So, in the regression, instead of using plain ERA as one of the dependent variables, why not use the player's average game ERA that season?  That would be more consistent with what we're trying to predict.  In our Mussina example, instead of using 4.30, we'll use 4.89.
With the exception, of course, that we'll subtract out the current game from the average game ERA.  So, if we're working on predicting the game after Mussina's shutout, we'll use the average game ERA from Mussina's other 32 starts, not including the shutout.  Instead of 4.89, that works out to 5.04.  
That is, I again ran a regression, trying to predict the next game's RA based on:
-- pitches thrown this game
-- pitcher's average game ERA this season for all games excluding this one.
When I did that, what happened?
The effect of pitches thrown disappeared, almost entirely.  It went down to -.0004 in ERA, and wasn't even close to significant (p=.79).  Basically, the number of pitches thrown had no effect at all on the next start.
-----
So I think what JC and Sean found is not at all related to arm fatigue.  It's just a consequence of the fact that their model retroactively required all the starts to add up to zero, relative to that pitcher's season average.  And so, when one start is positive, the other starts simply have to work out to be negative, to cancel out.  That makes it look like a good start causes a bad start, which makes it look like a high-pitch start causes a bad start.
But that's not true.  And, as it turns out, when we correct for the zero-sum situation, the entire effect disappears.  And so it doesn't look to me like pitches thrown has any connection to subsequent performance.
UPDATE: I took JC/Sean's regression and added one additional predictor variable -- ERA in the first game, the game corresponding to the number of pitches.
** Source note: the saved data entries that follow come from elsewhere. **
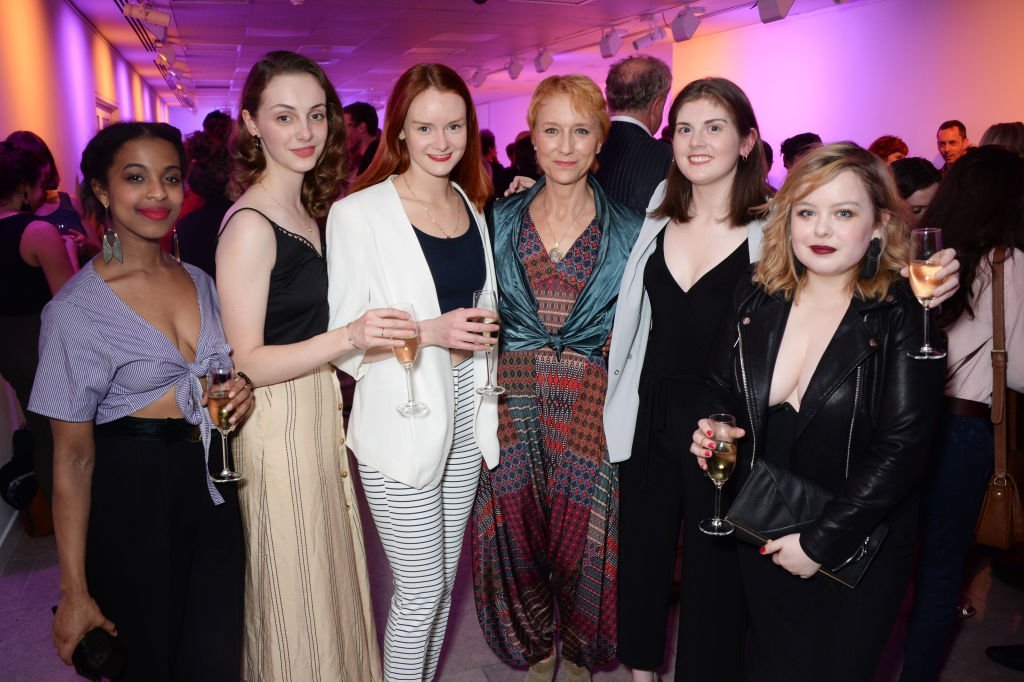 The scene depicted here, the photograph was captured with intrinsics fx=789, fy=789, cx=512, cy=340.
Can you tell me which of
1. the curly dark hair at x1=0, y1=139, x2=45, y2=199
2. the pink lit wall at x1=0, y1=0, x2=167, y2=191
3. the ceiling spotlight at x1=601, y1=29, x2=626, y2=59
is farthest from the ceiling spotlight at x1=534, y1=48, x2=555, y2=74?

Once you control for ERA that game, the number of pitches became completely non-significant (p=.94), and its effect on ERA was pretty much zero (-0.00014).
That is: if you give up the same number of runs in two complete games, but one game takes you 90 pitches, and the other takes you 130 pitches ... well, there's effectively no difference in how well you'll pitch the following game.
That is strongly supportive of the theory that number of pitches is significant in the study's regression only because it acts as a proxy for runs allowed.
Labels: baseball, pitching, streakiness



16 Comments:
As I was preparing this post, JC posted that he adjusted his ERA variable, and his results didn't change much.
However, for my part, as I said above, when I did that, I got the result to flip sign.
Will have to investigate. Anybody have any ideas?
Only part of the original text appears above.